Fear of military invasion by Japan, the threat to the standard of living that was thought to be presented by the cheap but efficient Asian labourers, and white racism were the principal factors behind the White Australia movement.
Bicentenary
1988 - the celebration of 200 years
The event triggered debate on Australian national identity, Indigenous rights, historical interpretation and multiculturalism.
The event was widely viewed as controversial. Planning for the event raised issues of national identity and historical interpretation.
Some wanted to remember the colonisation as an invasion, while others wanted it to focus on historical re-enactments. The Uniting Church in Australia wanted people to boycott the event unless Aboriginal rights were recognised. Anglican Church of Australia bishop George Hearn described the celebrations as an “historical absurdity” for its ignorance of 40,000 years of Aboriginal life and culture.
The official slogan was “Living Together” which emphasised the theme of multi-culturism.
James Cook
The final secret goal was to continue the search for the Great South Land.
Cook reached the southern coast of New South Wales in 1770 and sailed north, charting Australia’s eastern coastline and claiming the land for Great Britain on 22nd August 1770.
‘Mabo’ Decision
On 3 June 1992 the High Court of Australia recognised that a group of Torres Strait Islanders, led by Eddie Mabo, held ownership of Mer (Murray Island).
In acknowledging the traditional rights of the Meriam people to their land, the court also held that native title existed for all Indigenous people.
This landmark decision gave rise to important native title legislation the following year and rendered terra nullius a legal fiction.
Native Title
Australian Federation
1901
Before establishing the Federation of Australia, it was 6 separate British colonies. Then they became the states of the Commonwealth of Australia.
Bringing them Home Report
1997
This report is a tribute to the strength and struggles of many thousands of Aboriginal and Torres Strait Islander people affected by forcible removal. We acknowledge the hardships they endured and the sacrifices they made. We remember and lament all the children who will never come home.

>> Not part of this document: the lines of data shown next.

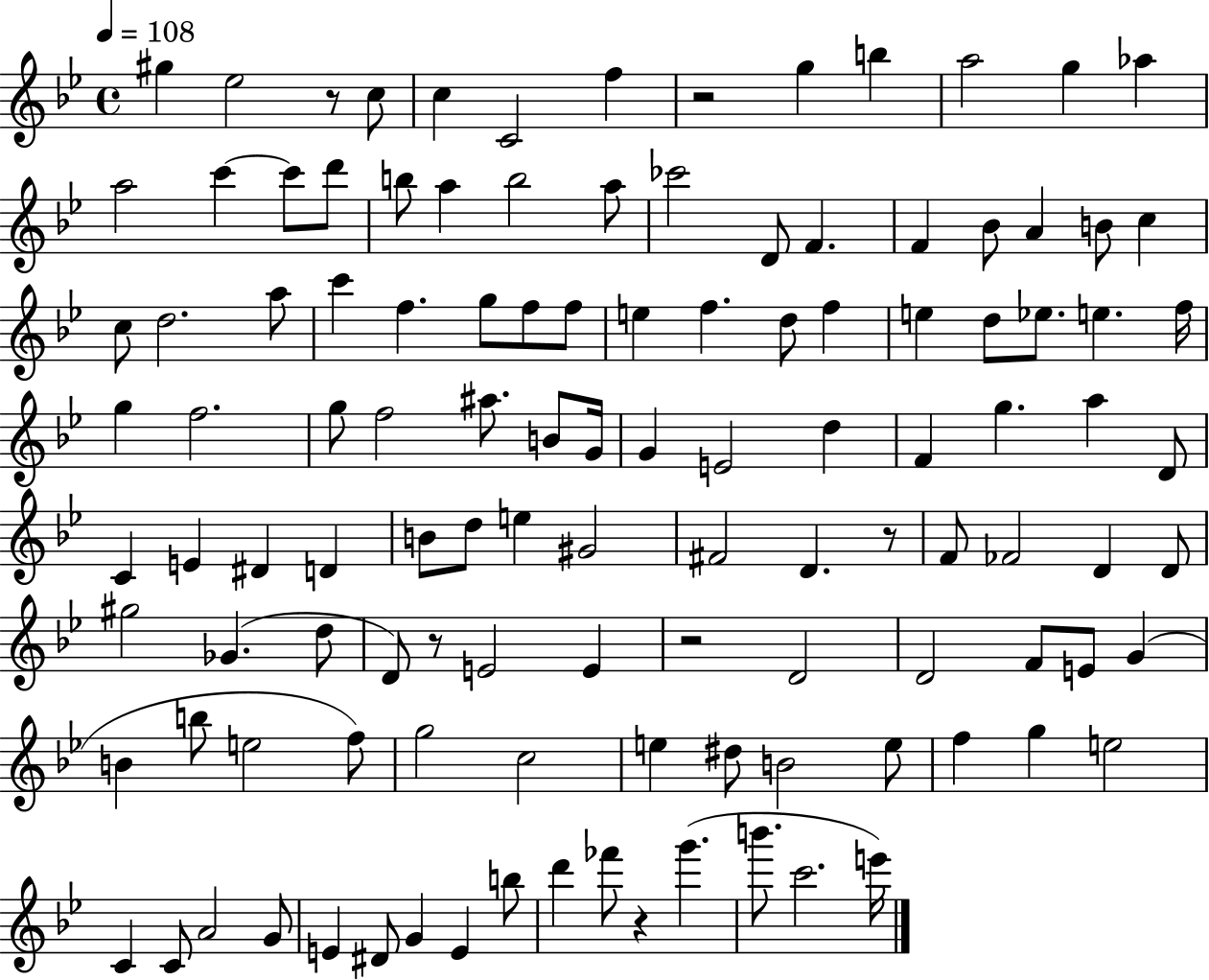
{
  \clef treble
  \time 4/4
  \defaultTimeSignature
  \key bes \major
  \tempo 4 = 108
  gis''4 ees''2 r8 c''8 | c''4 c'2 f''4 | r2 g''4 b''4 | a''2 g''4 aes''4 | \break a''2 c'''4~~ c'''8 d'''8 | b''8 a''4 b''2 a''8 | ces'''2 d'8 f'4. | f'4 bes'8 a'4 b'8 c''4 | \break c''8 d''2. a''8 | c'''4 f''4. g''8 f''8 f''8 | e''4 f''4. d''8 f''4 | e''4 d''8 ees''8. e''4. f''16 | \break g''4 f''2. | g''8 f''2 ais''8. b'8 g'16 | g'4 e'2 d''4 | f'4 g''4. a''4 d'8 | \break c'4 e'4 dis'4 d'4 | b'8 d''8 e''4 gis'2 | fis'2 d'4. r8 | f'8 fes'2 d'4 d'8 | \break gis''2 ges'4.( d''8 | d'8) r8 e'2 e'4 | r2 d'2 | d'2 f'8 e'8 g'4( | \break b'4 b''8 e''2 f''8) | g''2 c''2 | e''4 dis''8 b'2 e''8 | f''4 g''4 e''2 | \break c'4 c'8 a'2 g'8 | e'4 dis'8 g'4 e'4 b''8 | d'''4 fes'''8 r4 g'''4.( | b'''8. c'''2. e'''16) | \break \bar "|."
}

Conclusions: “indigenous families and communities have endured gross violations of their human rights. These violations continue to affect indigenous people’s daily lives. They were an act of genocide, aimed at wiping out indigenous families, communities, and cultures, vital to the precious and inalienable heritage of Australia”.
The Apology (The National Apology)
2008
On 13 February 2008, the Parliament of Australia issued a formal apology to Indigenous Australians for forced removals of Australian Indigenous children (often referred to as the Stolen Generations) from their families by Australian federal and state government agencies. The apology was delivered by Prime Minister Kevin Rudd, and is also referred to as the National Apology, or simply The Apology.
Autonomous Australia
In short, the Commonwealth of Australia was born in 1901 with Britain controlling foreign policy. Independence was offered in 1931 and taken up in late 1942.
From federation until World War 2, foreign policy was controlled by Britain, and Australia was expected to fight alongside Britain (as it did so in both world wars).
Despite becoming a country in 1901, it was not until 1940 that Australia established its first diplomatic mission outside Britain. It was not until the later 1930s that Australia’s external affairs department went from mainly focussing on trade and immigration, to that of the conventional diplomatic autonomy that exists today.